Obrigada pelos peixes!

quarta-feira, 7 de fevereiro de 2018

Estou quase lá

Essa semana, meu querido governador R. anunciou a posse de 632 professores. Aguardo a minha vez. Esterei na próxima listagem. Ficarei livre dessa prisão, que os meus pares chamam "trabalho". Estou cansada. Mentalmente. Fisicamente. Emocionalmente. Quero dormir, não mais para esquecer, mas para criar um outro universo em que Ag.nes seja Outra, também.
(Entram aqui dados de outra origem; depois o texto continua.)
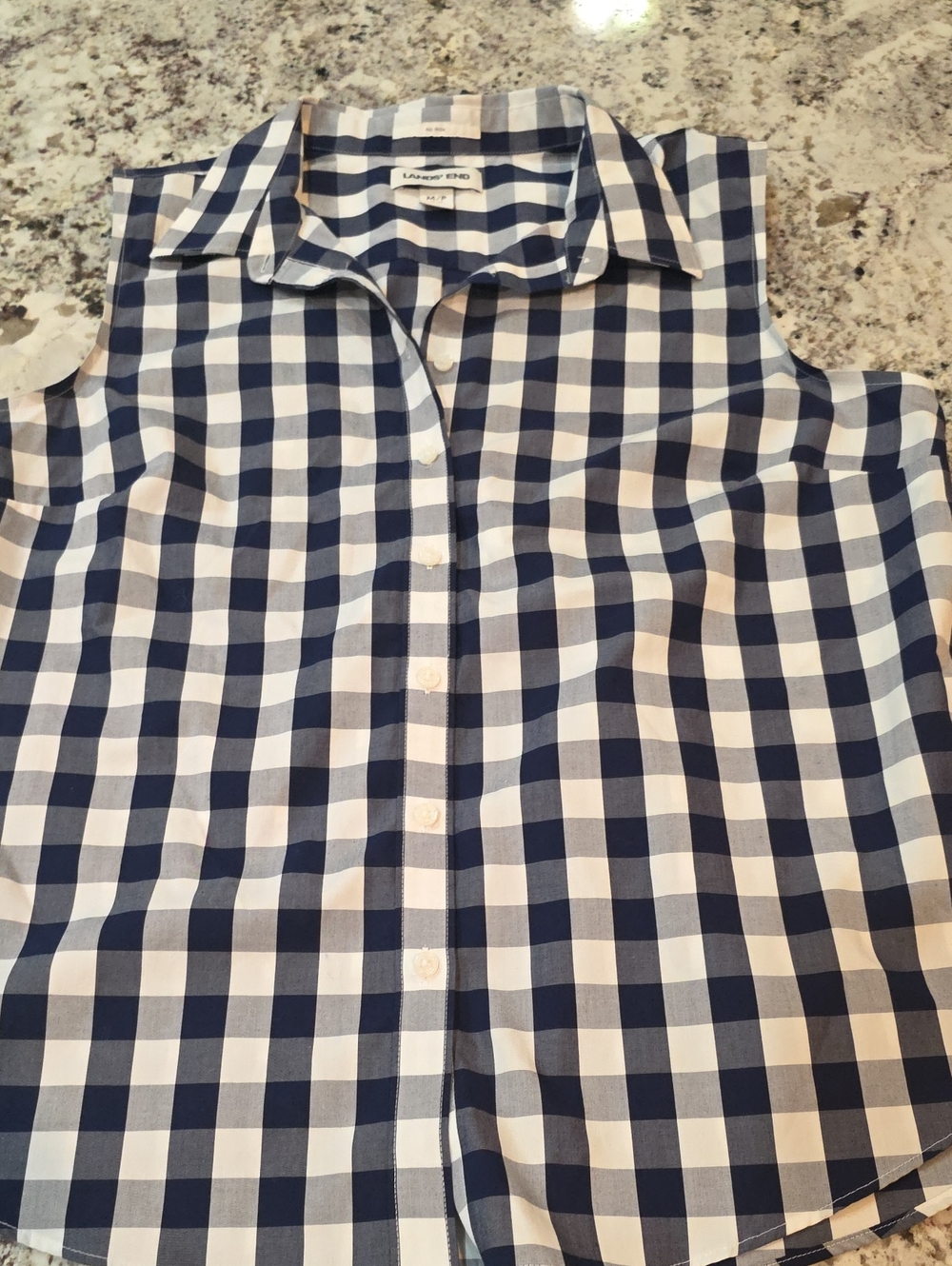 Lands' End Navy and White Gingham Sleeveless Button-Front Shirt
Meus pés seguem o ritmo imposto, minha mente se silencia e obedece melhor, mas há algo que reluta, que faz retardar o gesto por alguns segundos. A esse algo ergo  taça e faço o brinde. Em minha mesa, Charlie Brown me faz companhia, doce lembrança de B. e dele escuto "ai, esse cachorro me lambeu!" ou "cabeção" e, por instantes sou transportada a outros lugares em tempos de felicidade desmedida, ao lado de B. Meu desejo de fuga aprofunda em mim suas raízes e já começo a pressentir as asas despontarem timidamente. Que a Ag.nes do futuro saiba voar antes de morrer soterrada na lama da medíocre idade. A dor de cabeça já faz parte do cotidiano e, entre remédios e soros, cozinho do que as expectativas comem. O algo dentro de mim me questiona ininterruptamente "já posso ir embora?". Seguro suas frágeis mãos e as lágrimas me regam enquanto lhe digo que ainda não. Suplico para que ele aguente mais um pouco. Vou ao banheiro, lavo o rosto, retoco a maquiagem e, por fim, ensaio o sorriso que usarei ao longo do dia. Quero Diu ou alguém em que em possa deixa algo sair de verdadeiro, nem que seja o silêncio. Espero que algo não morra enquanto seguro firma as rédeas da vida. Vida esta que passa e eu não saio para brincar com ela. Alterno entre dentro da armadura do trabalho e nua na cama de algum desconhecido. "Truly, you know you don't have to be in love to make love to me".